─── Stored data ───

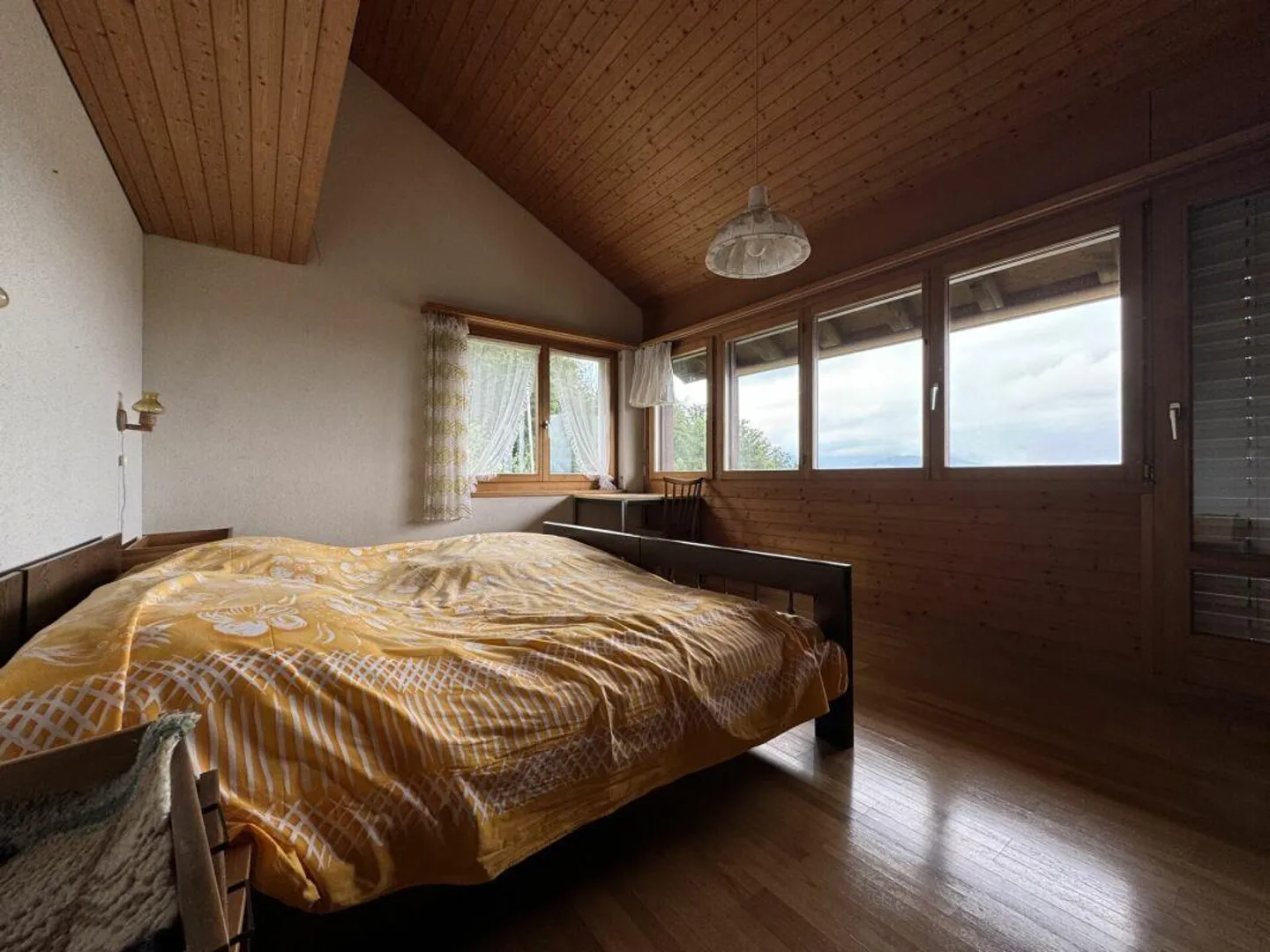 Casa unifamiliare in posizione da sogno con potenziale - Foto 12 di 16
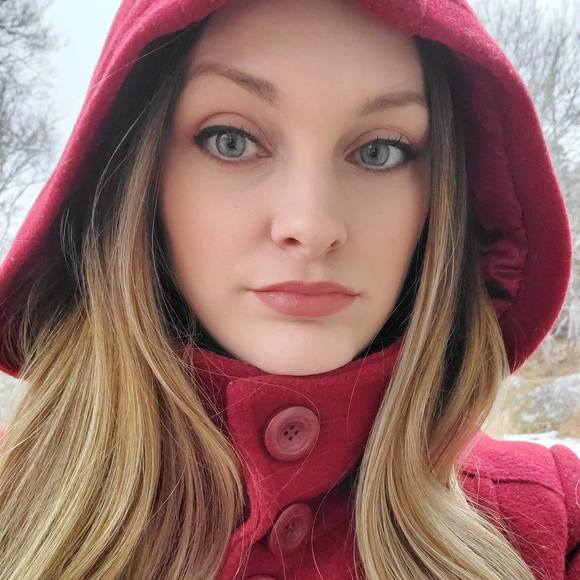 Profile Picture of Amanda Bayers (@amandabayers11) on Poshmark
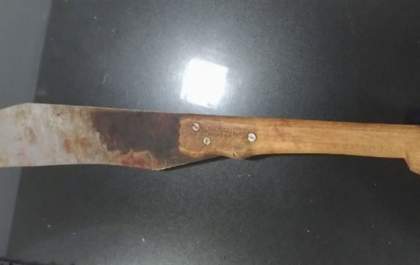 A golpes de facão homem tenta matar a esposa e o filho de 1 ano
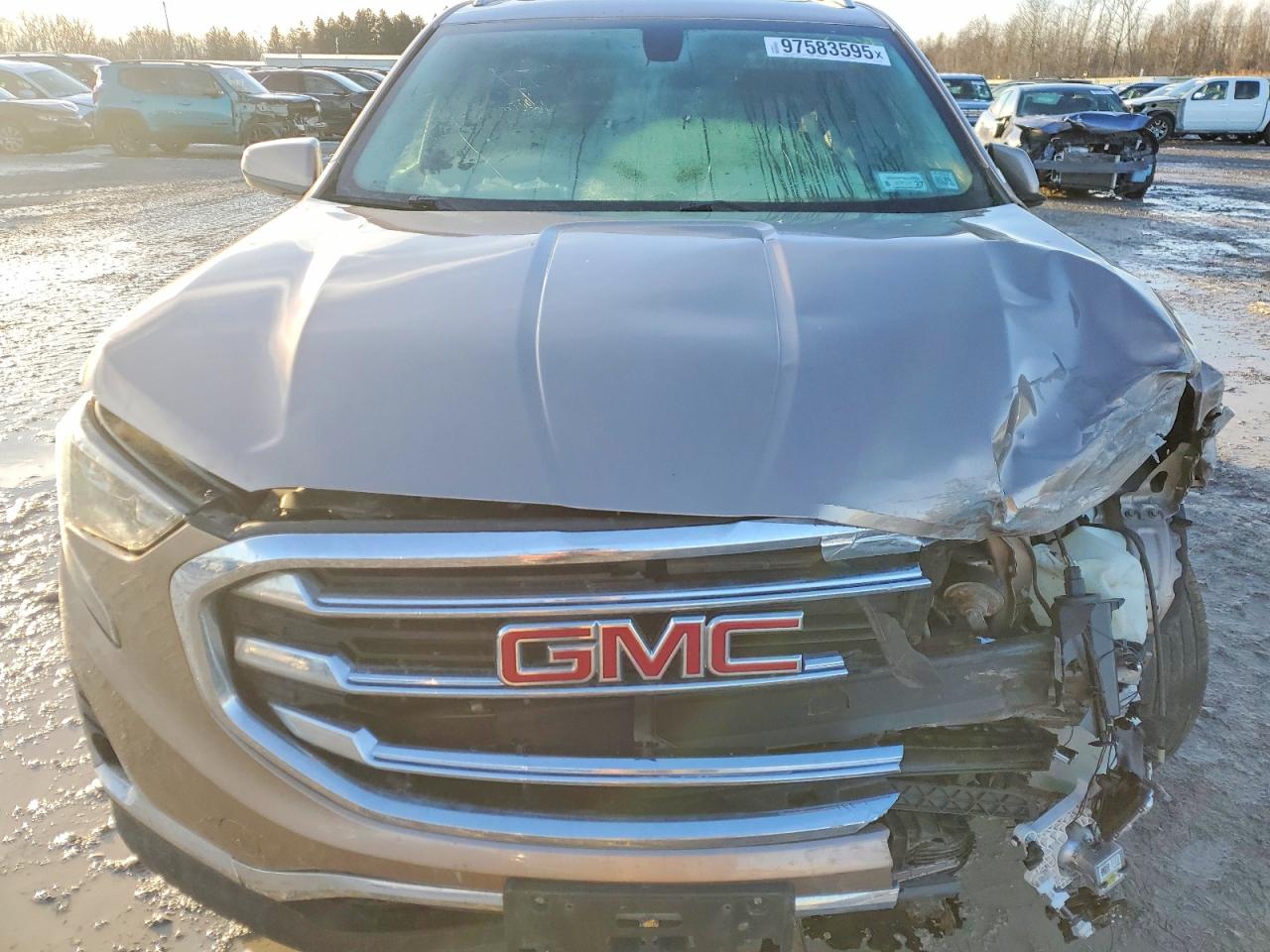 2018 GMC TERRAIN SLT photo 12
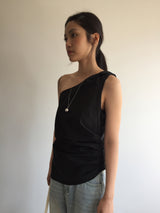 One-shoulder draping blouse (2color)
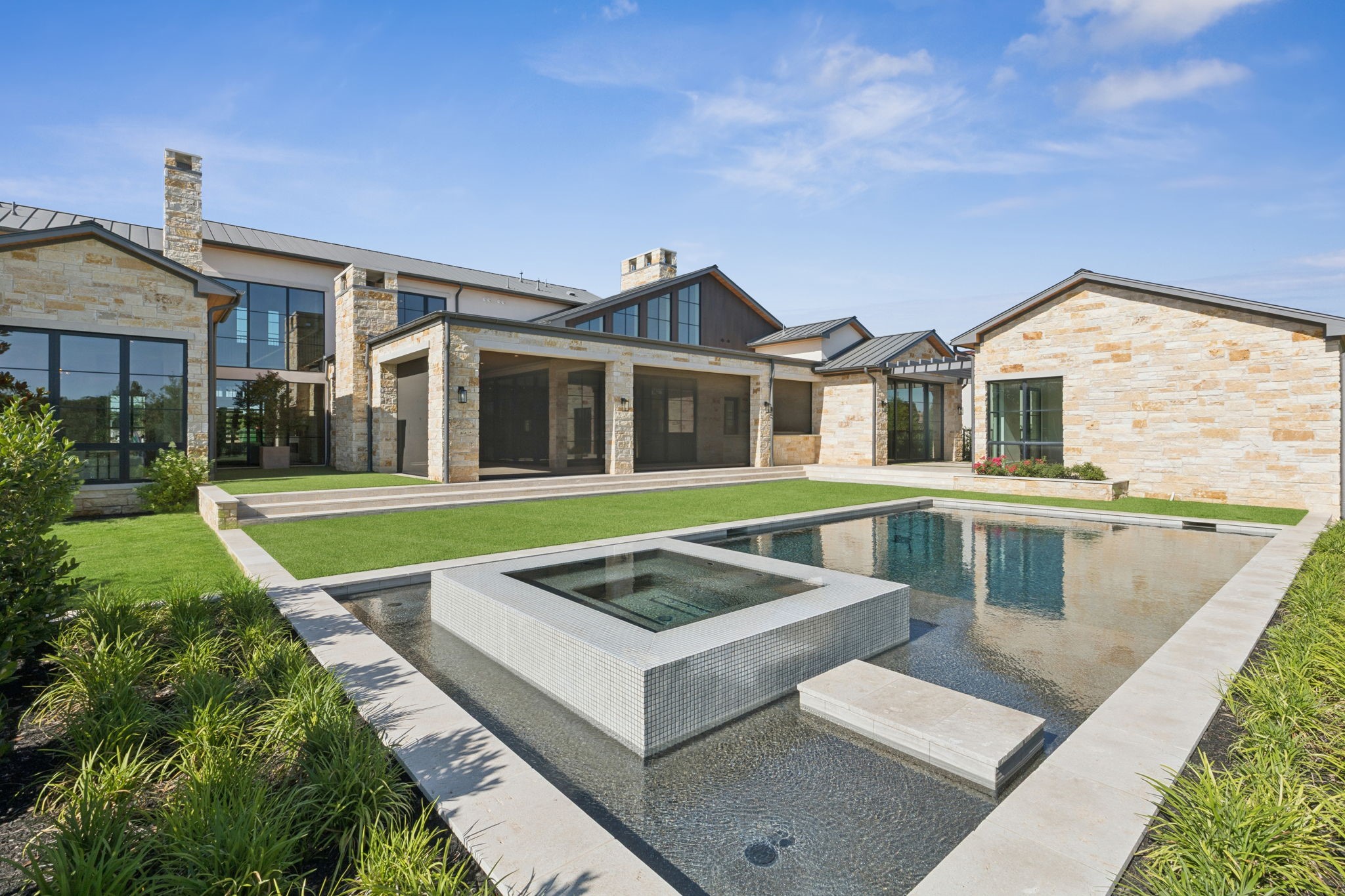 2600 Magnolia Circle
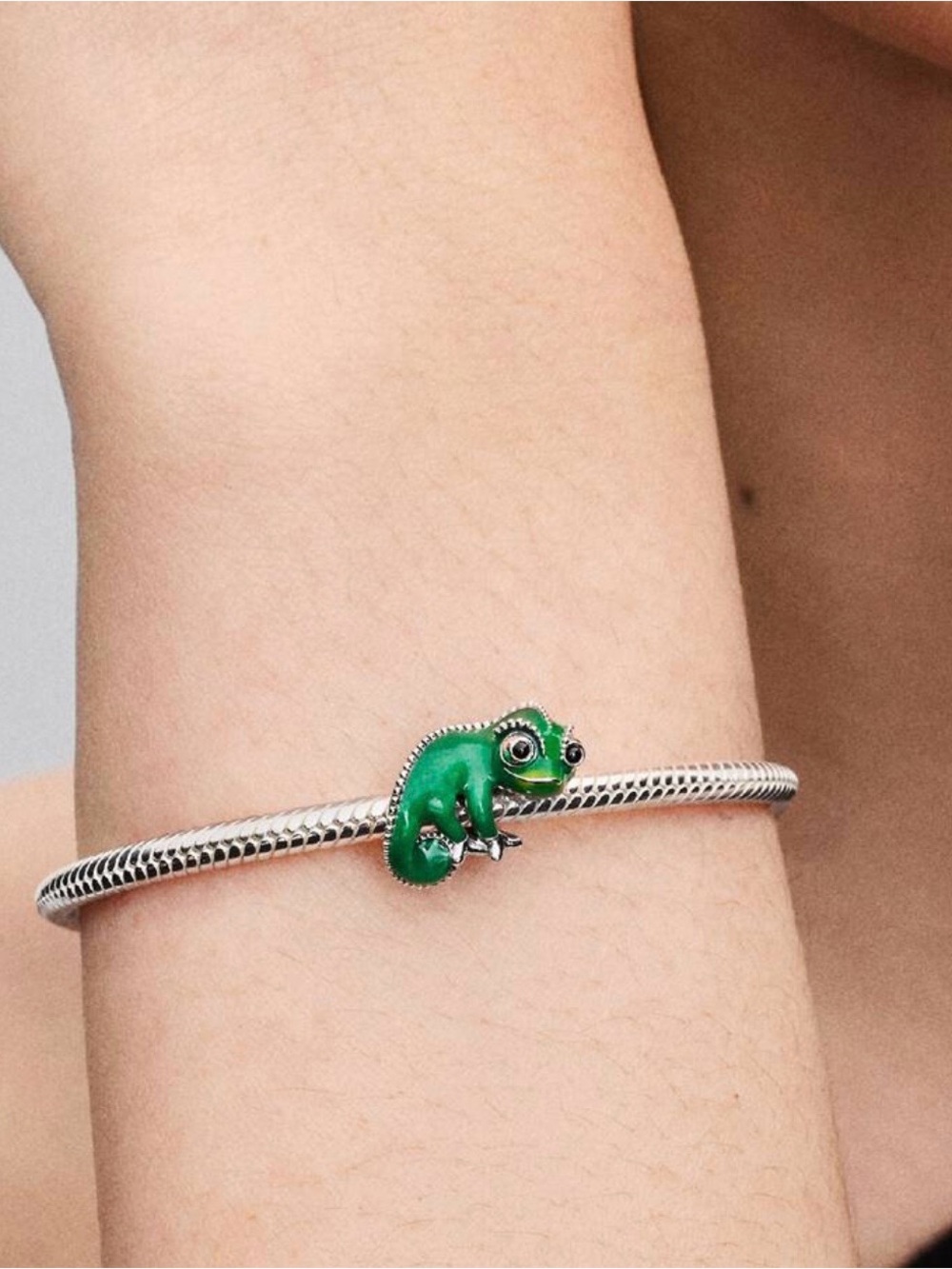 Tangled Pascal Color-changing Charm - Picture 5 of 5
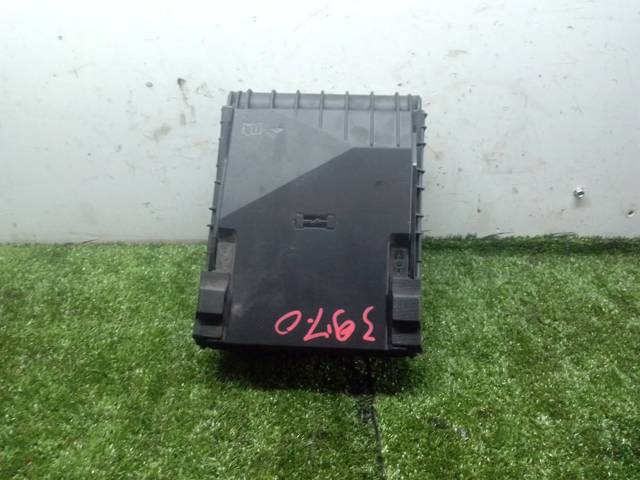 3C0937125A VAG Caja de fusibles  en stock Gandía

───

§ How to complete this task
Exclude the images, then output the data above word for word.

§ Exercise answer
 Casa unifamiliare in posizione da sogno con potenziale - Foto 12 di 16
 Profile Picture of Amanda Bayers (@amandabayers11) on Poshmark
 A golpes de facão homem tenta matar a esposa e o filho de 1 ano
 2018 GMC TERRAIN SLT photo 12
 One-shoulder draping blouse (2color)
 2600 Magnolia Circle
 Tangled Pascal Color-changing Charm - Picture 5 of 5
 3C0937125A VAG Caja de fusibles  en stock Gandía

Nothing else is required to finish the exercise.